We first meet St Barnabas in Acts 4:36-37, where we read:

36 And Joses, who by the apostles was surnamed Barnabas, (which is, being interpreted, The son of consolation,) a Levite, and of the country of Cyprus,

37 Having land, sold it, and brought the money, and laid it at the apostles’ feet.

Concerning the interpretation of his name, the Prologue says he was called this ‘because he had a rare gift for comforting men’s souls’ (p. 299). According to tradition, St Barnabas was a fellow student of Torah with St Paul ‘at the feet of Gamaliel’ (Acts 22:3). (Rabbi Gamaliel I, or ‘the Elder’, was a famous 1st-century Pharisee and Jewish sage traditionally believed to have converted to Christianity.) St Nicholas gives us a touching account of their relationship:

The two young men, Barnabas and Paul, were friends and went together to Gamaliel’s school. When Barnabas became a Christian, he persistently and with tears prayed to God that he would enlighten Paul’s understanding and turn his heart, that he too might become a Christian. Barnabas often spoke to Paul about Christ the Lord, but Paul mocked him and thought him misguided. But the gracious Lord did not leave Barnabas’s prayer unfruitful. He appeared to Paul, turned him from the false way and set him on the way of truth. The converted Paul fell at the feet of his friend and cried: ‘O Barnabas, teacher of the truth, now I am convinced of the truth of what you said to me about Christ!’ Barnabas wept for joy and embraced his friend. The friend saved his friend’s soul by his fervent prayers. If Barnabas had succeeded in making Paul Emperor of Rome, he would have done less than he in fact did by bringing him to the truth by his prayers. (p. 300)

Thus, when St Paul returned to Jerusalem after his conversion, it was St Barnabas who introduced him to the other Apostles (Acts 9:27). He was sent by the Church of Jerusalem to Antioch, where he ‘exhorted them all, that with purpose of heart they would cleave unto the Lord. For he was a good man, and full of the Holy Ghost and of faith: and much people was added unto the Lord’ (Acts 11:23-24). Thus, in Acts 13:1, St Barnabas is listed among the early ‘prophets and teachers’ of the Church of Antioch, where St Paul laboured with him for a year, and in the next verse we read, ‘As they ministered to the Lord, and fasted, the Holy Ghost said, Separate me Barnabas and Saul for the work whereunto I have called them’ (Acts 13:2).

Thus Ss Barnabas and Paul set out on an extensive missionary journey through Cyprus and Asia Minor, where they brought many to Christ (see, for example, Acts 13:43). The two Apostles participated together in the Council of Jerusalem, and they were sent back to Antioch with a letter calling them ‘our beloved Barnabas and Paul, men that have hazarded their lives for the name of our Lord Jesus Christ’ (Acts 15:25-26).
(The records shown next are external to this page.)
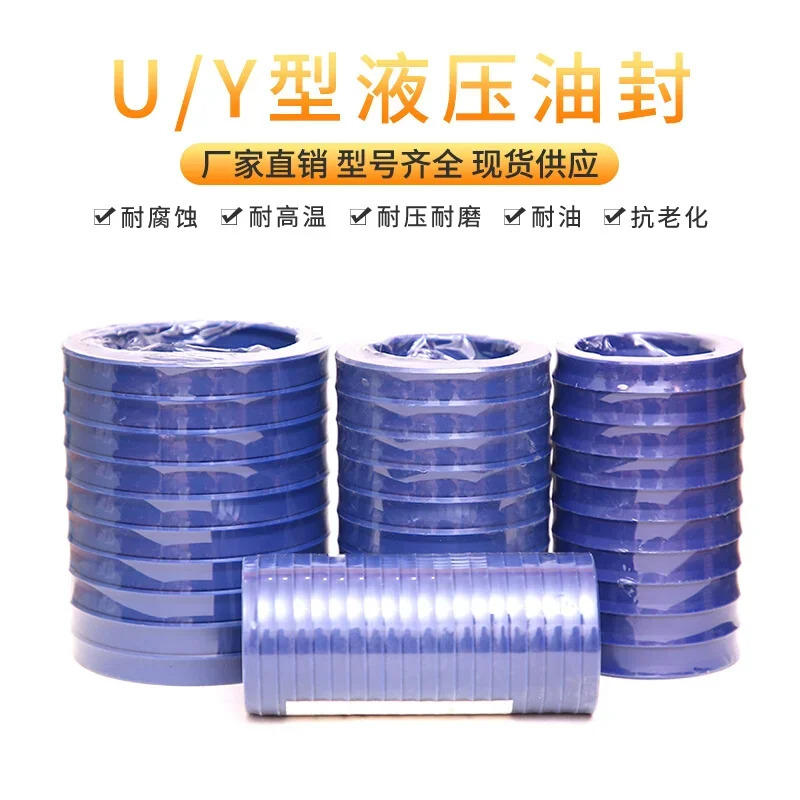 U/Y 링 유압 피스톤 도장 UN25 26 27 28/35 35.5 36 42x5 6 7 8/10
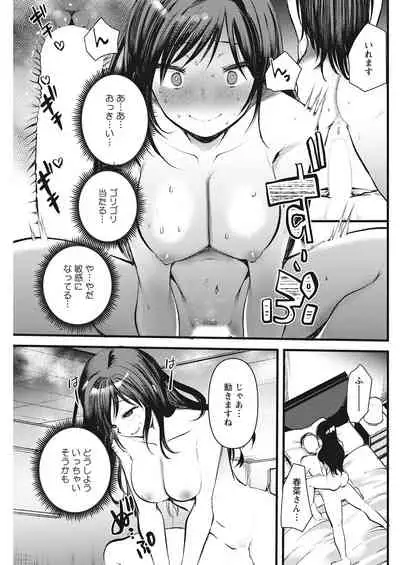 Action Pizazz 2022-03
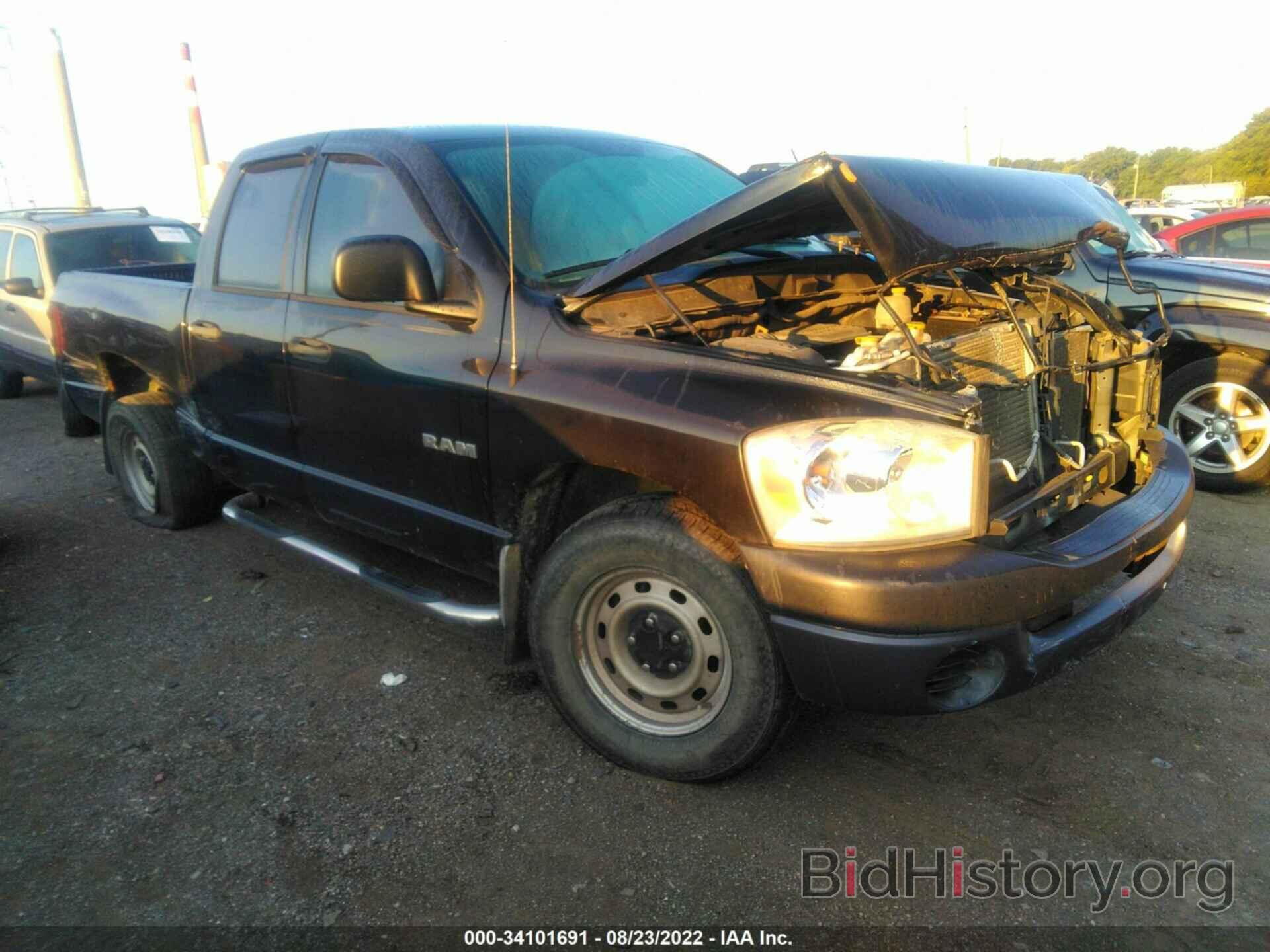 Фотография 1D7HA18K48J120519 - DODGE RAM 1500 2008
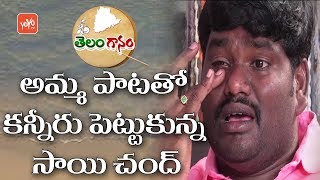 Anuragala Pallavi Ra Amma Prema Ra Song By Sai Chand  Telanganam  Latest Folk Songs YOYO TV Music [upl. by Basia938]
Sadly, however, when St Paul asked St Barnabas to accompany him on another journey and the latter wanted to bring along his cousin, St Mark the Evangelist, there was a bitter dispute, and they went their separate ways, St Barnabas taking St Mark with him to Cyprus, and St Paul accompanied by St Silas (Acts 15:37-41).
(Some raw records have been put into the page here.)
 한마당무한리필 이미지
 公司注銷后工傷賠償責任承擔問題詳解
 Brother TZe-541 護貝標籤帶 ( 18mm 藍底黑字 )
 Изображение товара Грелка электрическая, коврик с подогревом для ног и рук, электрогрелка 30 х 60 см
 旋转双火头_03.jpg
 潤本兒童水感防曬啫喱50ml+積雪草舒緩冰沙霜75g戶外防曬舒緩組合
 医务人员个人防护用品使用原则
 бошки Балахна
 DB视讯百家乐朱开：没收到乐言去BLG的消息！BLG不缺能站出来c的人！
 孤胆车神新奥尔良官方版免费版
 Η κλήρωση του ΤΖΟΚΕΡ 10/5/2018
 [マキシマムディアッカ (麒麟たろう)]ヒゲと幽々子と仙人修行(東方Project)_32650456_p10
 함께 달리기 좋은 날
St Barnabas is not mentioned again in the Acts of the Apostles, however, tradition has passed down to us the story of his fate, both before and after his death. According to the Prologue:

All accounts agree that he was the first to preach in Rome and in Milan. He suffered at the hands of the Jews on the island of Cyprus and was buried by Mark at the western gate of the city of Salamis, holding a copy of the Gospel of Matthew which he had transcribed with his own hand. His grave remained unknown for several centuries, but when many people had been healed of sickness in that place, it became known as ‘the place of healing’. In the time of the Emperor Zeno, the Apostle appeared three times, on three successive nights, to Archbishop Anthemius of Cyprus, and revealed the whereabout of his grave. This revelation by the Apostle took place just at the time when Peter, the power-hungry Patriarch of Antioch, was seeking to bring the Cypriot Church under his jurisdiction. After the revealing and finding of the miraculous relics of the holy Apostle Barnabas, it was established that the Cypriot Church, as an apostolic foundation, should be independent, and thus the autocephaly of the Church of Cyprus was finally confirmed. (p. 299)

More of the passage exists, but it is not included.